Synthetic Data Generation

Overview

MPSTime also supports the generation of synthetic time-series instances, $\mathbf{x} = (x_1, x_2, \dots, x_T)$, by sequentially sampling each time-series value $x_t$ for $t = 1, 2, \dots, T$ from the learned joint distribution $p(\mathbf{x})$, encoded by the trained matrix-product state (MPS).

The synthetic data generation process follows a sequential sampling approach that mirrors half of the imputation algorithm. The first value $x_1$ is sampled directly from the unconditional joint distribution with no prior observations. All subsequent values $x_2, x_3, \dots x_T$ are then sampled from their respective conditional distributions: $p(x_2∣x_1)$, $p(x_3 | x_1, x_2)$ and so forth, where each new value is conditioned on all previously generated values in the sequence.

The Inverse Transform Sampling Algorithm (ITS)

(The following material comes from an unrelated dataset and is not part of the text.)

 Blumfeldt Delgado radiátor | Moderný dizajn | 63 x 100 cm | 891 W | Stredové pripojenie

To sample each data point $x_t$ from its respective distribution, either conditional in the case of $t > 1$, or unconditional for $t = 1$, MPSTime relies on a numerical technique known as inverse transform sampling (ITS), which works with the cumulative distribution function $F$ of a random variable. Here, we consider the case of sampling $x_1$, the value at the first time point $t = 1$, from the full joint distribution, $p(x)$, approximated by an $T$ site MPS.

To obtain the marginal distribution $p(x_1)$, the remaining $T-1$ sites of the MPS are traced out to give the reduced density matrix (RDM) at site 1, $\rho_1$:

The cumulative distribution function, $F_i(x)$ is then evaluated as:

\[F_i(x) = \frac{1}{Z} \int_a^{x} \phi^{\dagger}(x')\rho_i \phi_i(x')dx',\]

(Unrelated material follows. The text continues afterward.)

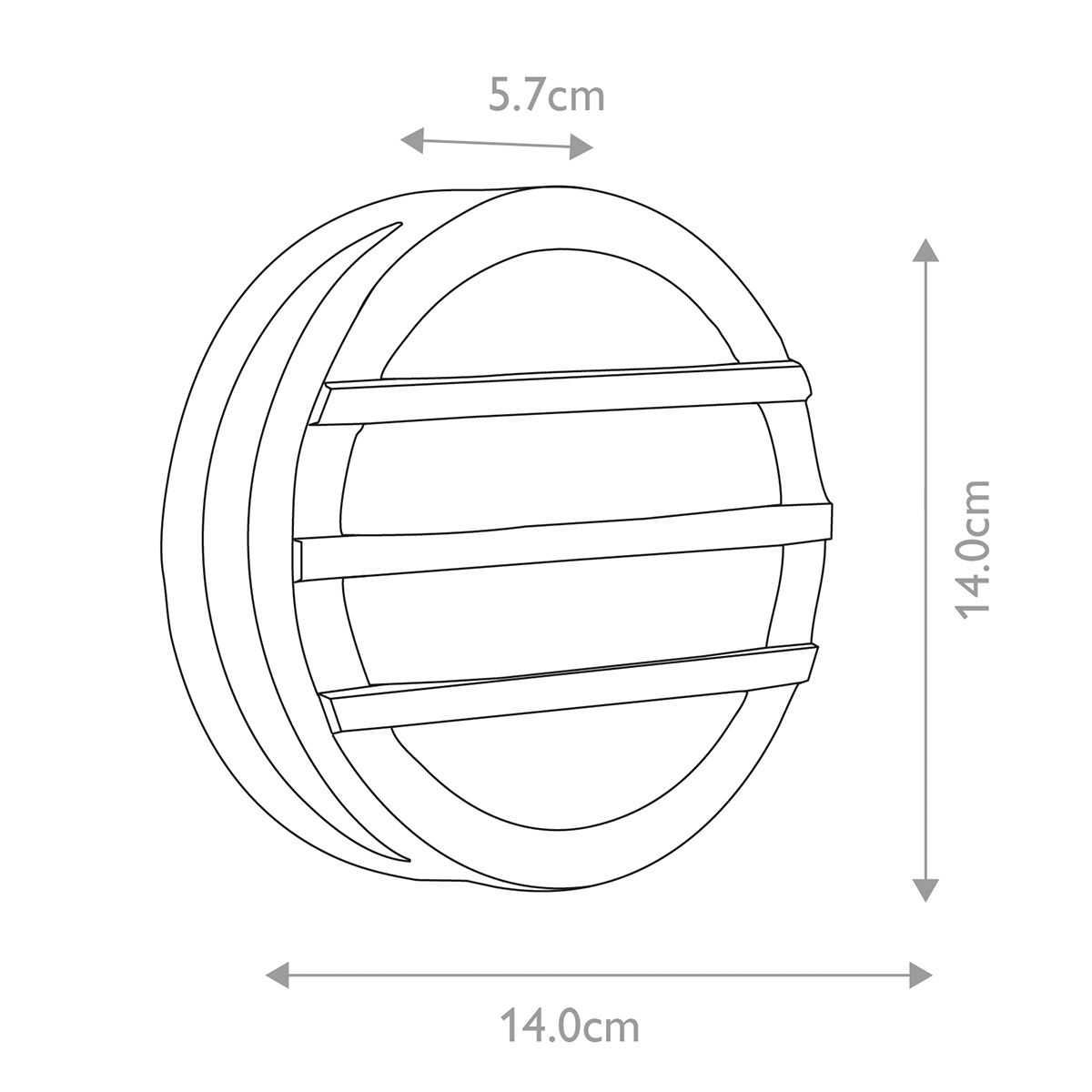 Elstead Ano Compact Black Outdoor Wall Light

where $Z$ is chosen so that $F_{s_i}(b) = 1$, $a$ is the lower bound on the support of the encoding domain $[a,b]$, $\rho_i$ is the RDM at site $i$ and $\phi_i$ is the feature map (e.g., Legendre, Fourier, etc.) at site $i$.

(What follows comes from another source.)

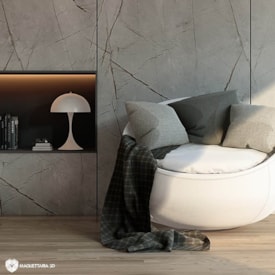 MDF Pietra Bronze Moderno 2 Faces 2,75X1,85m - Greenplac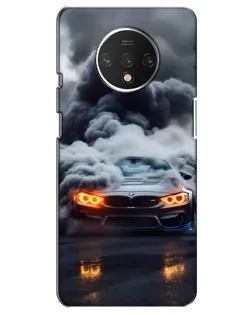 Чехол для OnePlus 7T с картинкой «BMW в дыму»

Next, we sample a random value from a uniform distribution defined on the interval $[0, 1]$ i.e., $u \sim U(0, 1)$. Using the inverse cumulative distribution function, $F_i^{-1}(u)$, we select the value $x_i$ such that $F_i(x_i) = u$. In practice, the inverse cumulative distribution function can be evaluated numerically using a root-finding algorithm (as in MPSTime).

Demo

To demonstrate how MPSTime can be used to perform synthetic data generation, we will consider a dataset of simulated noisy, trendy sinusoids (NTS) on which to train an MPS. In practice, you would typically train on your own real dataset, not on synthetic data as shown here.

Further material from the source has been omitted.